⑬ Cromwell:即Oliver Cromwell (1599—1658),曾捕杀查理第一之议会派领袖、清教铁骑军统帅、新政府首脑与护国公(Lord Protector)。

这个梦屯并非实有其地,而只不过是作者想象中的一种寄托,一个imaginary land,有类我们的《桃花源记》。但一个人放着我们周围五光十色的繁华世界与热闹人生不去描写而把观察的目标完全集注到一个想象中的幻境上去,而且是在那么年轻的时候(按作者刊出此书时才不过三十二三岁),更何况仅仅在其中的这第一篇的这么不太长的一段中,便已经成了“死”字常不离口,便已经是在那里去寻觅其最终的归宿,并企盼从此而远离尘嚣,诀别人生!这实在未免有些不太好理解;也或许这背后自有其一番隐秘的伤心事情与一切不够顺遂的苦衷苦况。文中他仿佛已隐约预感到他的来日恐怕不太多了,而果不其然,三四年后他便死了。另外文中的那股凄恻的情调或许还另有来源,未尝不可追踪到从17世纪起便早已有之,而迨到18世纪末叶更屡见于文坛的那种以对生死宿命等问题为冥思默想题材的伤感派文艺潮流,而墓地诗的泛滥即是其一。

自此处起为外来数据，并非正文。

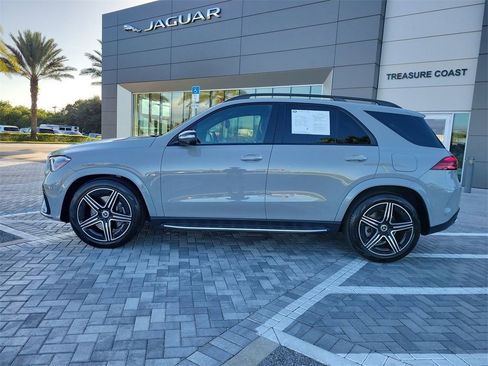 Used 2025 Mercedes-Benz GLE 450e 4MATIC image 2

这种流风遗绪,再结合其个人身世,是不可能不对他起些作用的。话拉回来。细按其文,某种悲剧式的美之外,一点纯朴慰人的气息还是能感得到的,再有不乏一定的清新淡雅的格调与诗意,只是属于那较素净的,因为他自己就是一名诗人,虽说成就不伟。有趣的是,Smith的这本书竟在上个世纪20年代时得到过郁达夫的注意,并在他的一篇谈散文的文章中提出说,这岂非即是我们的公安、竟陵派的东西吗?只是英国当日的这类作者远不会有我们那时的人数那么众多。试问郁达夫的这话是什么意思呢?显然郁认为Smith也具有当日(明万历年间)三袁式的“清新隽逸”与钟、谭式的“幽深孤峭”,再有前者的重视感悟性灵和后者的强调语须自出,等等。这些,只要我们能静下心来慢慢细读,或许也都能品尝到一些。但是如果粗粗一看便断言它太简单幼稚,那就不是真能欣赏文学了。译者写这段话的用意也正在此。梦屯亚历山大·史密斯

关于我是如何和何时成为梦屯的一名居民的,这事说来其实并不重要;或许一两句交代也就够了,这即是,一则我原非此地出生,二则我之来此卜居已是若干年前的事。过去我曾一度在其地搭篷支帐匆匆暂住过的一些乡镇村屯,往往会因为某种说不清的原因,比如不是彼地过大就是此处过小等等,而全都不合我意。但是当某个夏日的黄昏,时间已是八点,我生平第一次见到这个梦屯时——当我见到那些西晒的窗户全给落照的余晖染成金黄,村里的儿童正在当地仅有的一条弯曲的街道上嬉戏玩耍,孩儿们的妈妈全都在敞着门的台阶前忙着编织,他们的爹爹正个个一身雪白宽松的长罩衫,三五成群地在吸烟聚谈;那废旧城堡里的巨大塔楼仍高高耸入那蔷薇色的云天,而周围成群成群的燕子,这些从我这里望去,已细如蚊蚋,此刻正从那裂缝罅隙之间穿来穿去,上下翻飞——当我欣然目睹到这一切时,我不待人言而天然感到,我肩上的背包可以取了下来,疲惫的双脚可以歇了下来,这样息肩歇脚之后,我终于,在这个星球之上,寻到了我的归宿之地。于是自那天夜晚起,我便留了下来,以此为家。而今后如若再有什么新的行程,那只会是下述这一段微不足道的路途,至少纯以距离言,确系如此,也即是从我的寓居直至那废旧城堡旁的墓地。在那里,我深信我定会与此地的先人们一道安谧睡去,而大自然也必将以她的翠绿草泥为床罩而把我们的头颅覆盖起来,正像一位母亲那样给她入睡的孩子盖好被单,这样世上的喧嚣就会在耳边停止絮聒,外界的苦恼也就不再前来扰民。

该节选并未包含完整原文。